When comparing the results from the SEM images, it has to be taken into account that the particle sizes derived from electron microscopy images represent the metallic core of the particles because the hydrated polymeric shell collapses during drying and in the high vacuum chamber of the SEM. It is also noteworthy that the accuracy of the measured particle size scales with the resolution of the SEM images. Apart from a possible distortion of the images due to charging effects, the edges of the particles become increasingly blurred with decreasing particle diameter, making a precise size prediction more difficult.

4.2 Discussion and comparison of size distributions measured in dispersions and after aerosolization

4.2.1 DLS-measurement results of single metallic particles and their mixture. The log-normal distributions of the separately measured intensity and the derived number distributions of the gold and silver particles using the code of the instrument normalized by the corresponding peak intensity or the peak number concentration are shown in Fig. 2. The transformation from intensity distribution into number distribution (which is practically very relevant) causes a shift to smaller particle size and a reduction of the standard deviation (gold: d_m = 34.8 nm; σ_g = 1.40 for intensity to d_m = 22 nm; σ_g = 1.25 for number; silver: d_m = 124.1 nm; σ_g = 1.56 for intensity to d_m = 61.5 nm; σ_g = 1.30 for number).

Fig. 2 Normalized log-normal intensity and number concentration distributions of gold and silver nanoparticle dispersions measured with DLS.

Note that the mean number-weighted hydrodynamic diameter of the silver nanoparticles is, against expectations, smaller than the geometric diameter derived from SEM images. This can probably be attributed to the fact that the SEM image represents only a very small fraction of the sample. Moreover, the number concentration is a mathematically derived distribution parameter that is strongly dependent on the quality of the intensity distribution and the monodispersity of the nanoparticles.

In Fig. 3, the normalized number distribution of the mixture is compared with the distributions of the components. The mixture shows only one peak at d_m = 51.2 nm with σ_g = 1.29, similar to what was described by Mahl et al.⁸ The DLS distributions show only one distribution slightly shifted to larger particles in comparison to the smaller fraction.

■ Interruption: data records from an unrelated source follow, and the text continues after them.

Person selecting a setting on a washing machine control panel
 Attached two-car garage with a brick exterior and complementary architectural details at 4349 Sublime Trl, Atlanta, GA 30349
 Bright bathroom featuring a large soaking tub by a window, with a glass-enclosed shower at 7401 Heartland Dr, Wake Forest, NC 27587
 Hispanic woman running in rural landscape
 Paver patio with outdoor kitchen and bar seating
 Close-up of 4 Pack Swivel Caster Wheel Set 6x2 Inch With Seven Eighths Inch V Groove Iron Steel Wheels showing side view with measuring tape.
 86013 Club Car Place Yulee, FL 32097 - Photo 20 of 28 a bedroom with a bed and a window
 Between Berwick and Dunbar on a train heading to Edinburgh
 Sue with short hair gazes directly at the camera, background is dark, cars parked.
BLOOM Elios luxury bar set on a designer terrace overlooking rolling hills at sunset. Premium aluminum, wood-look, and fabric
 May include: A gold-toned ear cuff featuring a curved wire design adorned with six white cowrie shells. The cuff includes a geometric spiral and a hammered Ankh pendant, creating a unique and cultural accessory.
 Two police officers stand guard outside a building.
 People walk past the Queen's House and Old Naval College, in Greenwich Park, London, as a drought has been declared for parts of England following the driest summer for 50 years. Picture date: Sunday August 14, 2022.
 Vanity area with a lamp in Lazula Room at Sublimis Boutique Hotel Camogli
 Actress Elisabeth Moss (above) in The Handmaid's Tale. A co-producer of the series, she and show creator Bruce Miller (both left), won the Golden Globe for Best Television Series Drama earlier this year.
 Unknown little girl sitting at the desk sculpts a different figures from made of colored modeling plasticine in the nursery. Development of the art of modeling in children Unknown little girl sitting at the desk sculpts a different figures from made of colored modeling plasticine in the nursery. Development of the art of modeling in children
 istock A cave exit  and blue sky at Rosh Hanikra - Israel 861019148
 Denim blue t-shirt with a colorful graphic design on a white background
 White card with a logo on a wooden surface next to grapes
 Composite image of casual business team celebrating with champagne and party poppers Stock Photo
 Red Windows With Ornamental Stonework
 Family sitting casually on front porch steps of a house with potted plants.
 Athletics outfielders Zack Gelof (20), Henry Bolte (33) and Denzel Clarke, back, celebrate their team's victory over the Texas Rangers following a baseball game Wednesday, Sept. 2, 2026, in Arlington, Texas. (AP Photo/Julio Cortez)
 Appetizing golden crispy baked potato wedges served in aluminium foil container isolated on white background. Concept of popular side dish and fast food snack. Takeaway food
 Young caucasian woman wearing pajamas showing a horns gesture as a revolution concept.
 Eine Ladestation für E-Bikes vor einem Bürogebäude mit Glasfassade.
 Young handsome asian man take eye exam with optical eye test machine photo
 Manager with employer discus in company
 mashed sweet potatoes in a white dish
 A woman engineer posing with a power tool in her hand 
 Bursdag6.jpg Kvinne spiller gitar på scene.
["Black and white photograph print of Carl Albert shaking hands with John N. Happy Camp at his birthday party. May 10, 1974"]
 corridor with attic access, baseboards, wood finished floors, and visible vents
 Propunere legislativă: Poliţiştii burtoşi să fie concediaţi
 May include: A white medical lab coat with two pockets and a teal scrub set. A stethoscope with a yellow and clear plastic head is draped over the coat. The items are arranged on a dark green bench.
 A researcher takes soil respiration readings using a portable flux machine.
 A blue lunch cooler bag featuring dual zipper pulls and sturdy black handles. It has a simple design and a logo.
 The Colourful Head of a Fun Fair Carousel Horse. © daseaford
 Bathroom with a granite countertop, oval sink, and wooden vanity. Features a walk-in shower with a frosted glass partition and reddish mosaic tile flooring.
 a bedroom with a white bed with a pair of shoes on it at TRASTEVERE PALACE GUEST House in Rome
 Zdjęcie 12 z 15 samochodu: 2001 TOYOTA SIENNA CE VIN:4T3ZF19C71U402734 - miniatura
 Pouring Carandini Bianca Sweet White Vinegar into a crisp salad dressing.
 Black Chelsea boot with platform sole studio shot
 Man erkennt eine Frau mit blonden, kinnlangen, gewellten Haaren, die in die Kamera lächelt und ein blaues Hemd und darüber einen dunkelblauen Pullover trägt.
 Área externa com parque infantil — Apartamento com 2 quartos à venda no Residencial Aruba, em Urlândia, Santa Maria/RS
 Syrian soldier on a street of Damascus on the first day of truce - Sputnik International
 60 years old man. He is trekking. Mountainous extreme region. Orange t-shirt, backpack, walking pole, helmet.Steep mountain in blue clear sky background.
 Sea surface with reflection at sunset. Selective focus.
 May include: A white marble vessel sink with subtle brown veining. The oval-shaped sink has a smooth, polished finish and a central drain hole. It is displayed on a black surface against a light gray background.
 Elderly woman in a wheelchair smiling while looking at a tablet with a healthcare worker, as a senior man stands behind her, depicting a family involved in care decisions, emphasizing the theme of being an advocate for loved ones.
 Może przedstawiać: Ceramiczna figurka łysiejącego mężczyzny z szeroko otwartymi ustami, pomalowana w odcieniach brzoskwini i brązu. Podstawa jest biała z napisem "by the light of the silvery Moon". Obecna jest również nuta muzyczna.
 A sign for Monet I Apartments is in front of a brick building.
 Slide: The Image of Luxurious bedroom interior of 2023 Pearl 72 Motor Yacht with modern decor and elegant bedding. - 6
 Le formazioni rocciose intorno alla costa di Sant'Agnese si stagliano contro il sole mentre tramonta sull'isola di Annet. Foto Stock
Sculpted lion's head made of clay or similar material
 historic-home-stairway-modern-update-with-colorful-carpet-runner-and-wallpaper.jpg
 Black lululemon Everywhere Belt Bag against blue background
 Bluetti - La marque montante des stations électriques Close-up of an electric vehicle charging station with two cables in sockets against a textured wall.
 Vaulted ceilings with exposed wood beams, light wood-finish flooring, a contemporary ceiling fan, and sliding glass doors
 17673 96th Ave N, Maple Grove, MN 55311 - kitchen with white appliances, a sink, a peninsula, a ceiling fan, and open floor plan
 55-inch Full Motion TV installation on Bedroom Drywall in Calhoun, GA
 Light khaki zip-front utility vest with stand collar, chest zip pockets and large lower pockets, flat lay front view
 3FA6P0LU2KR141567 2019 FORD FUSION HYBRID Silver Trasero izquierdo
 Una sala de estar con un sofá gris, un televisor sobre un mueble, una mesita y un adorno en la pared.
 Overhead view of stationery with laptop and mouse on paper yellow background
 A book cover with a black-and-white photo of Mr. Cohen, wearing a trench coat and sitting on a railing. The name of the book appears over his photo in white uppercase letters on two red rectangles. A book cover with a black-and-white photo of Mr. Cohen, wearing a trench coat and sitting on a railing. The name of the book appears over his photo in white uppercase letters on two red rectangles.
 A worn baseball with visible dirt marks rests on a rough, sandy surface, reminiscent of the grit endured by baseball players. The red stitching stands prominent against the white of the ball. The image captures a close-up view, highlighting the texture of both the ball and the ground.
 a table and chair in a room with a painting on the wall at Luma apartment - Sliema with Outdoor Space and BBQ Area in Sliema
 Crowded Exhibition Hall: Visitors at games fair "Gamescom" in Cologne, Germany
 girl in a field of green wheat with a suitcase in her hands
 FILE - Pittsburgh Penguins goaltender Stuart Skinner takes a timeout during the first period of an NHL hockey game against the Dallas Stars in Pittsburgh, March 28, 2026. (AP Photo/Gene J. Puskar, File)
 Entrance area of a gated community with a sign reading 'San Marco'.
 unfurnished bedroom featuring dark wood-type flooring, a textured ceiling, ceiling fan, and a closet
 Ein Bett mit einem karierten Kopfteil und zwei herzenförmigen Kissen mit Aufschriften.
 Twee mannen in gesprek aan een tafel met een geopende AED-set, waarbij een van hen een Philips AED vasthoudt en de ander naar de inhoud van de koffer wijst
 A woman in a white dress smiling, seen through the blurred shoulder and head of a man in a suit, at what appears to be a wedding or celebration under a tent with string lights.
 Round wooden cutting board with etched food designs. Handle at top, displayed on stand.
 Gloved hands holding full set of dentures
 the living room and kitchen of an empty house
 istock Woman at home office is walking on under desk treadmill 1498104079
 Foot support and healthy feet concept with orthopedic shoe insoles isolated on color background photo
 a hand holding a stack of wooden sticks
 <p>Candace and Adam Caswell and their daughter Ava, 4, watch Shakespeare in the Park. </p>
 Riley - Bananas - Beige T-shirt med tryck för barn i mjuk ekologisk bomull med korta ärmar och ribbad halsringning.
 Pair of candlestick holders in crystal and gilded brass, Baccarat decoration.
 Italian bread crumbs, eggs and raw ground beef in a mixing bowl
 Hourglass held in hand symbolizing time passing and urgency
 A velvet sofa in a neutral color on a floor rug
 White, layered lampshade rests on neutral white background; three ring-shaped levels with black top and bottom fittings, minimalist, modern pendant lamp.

This has been observed already by several investigators.⁸ They argue that DLS cannot see the small particles because of the tremendously reduced scattered light at smaller particle sizes compared with the scattered light of the larger particles. As a result, DLS is indeed unable to resolve bimodal distributions, and therefore also not distributions with even higher number of modes.

Fig. 3 Normalized log-normal number concentration distributions of gold and silver nanoparticle dispersions, compared with the mixture number and intensity distributions as measured with DLS.

4.2.2 ADC-measurement results of single metallic particles and their mixture. A technique used for dispersions and known for its high size resolution is the ADC. Unfortunately, it is not very practical in cases where the difference between particle and solvent densities is small, e.g. in the case for latex particles in water which are used as standard particles for instrument calibration in aerosol measurement technology.⁸ In this case, and also when the particles are rather small, the analysis time needed for sedimentation is very long. Therefore, we decided to do the comparison for the more dense metallic particles (gold and silver). When performing ADC, the different densities of silver and gold have to be considered because mass concentrations are measured. The size distributions measured with ADC for gold and silver particles have been interpreted by log-normal distributions. Both log-normal distributions are shown in Fig. 4 with normalized mass concentration as ordinate. The derived values for mode diameter and geometric standard deviation are shown in Table 1.

Fig. 4 Normalized log-normal mass concentration distributions of gold and silver nanoparticle dispersions, measured with ADC.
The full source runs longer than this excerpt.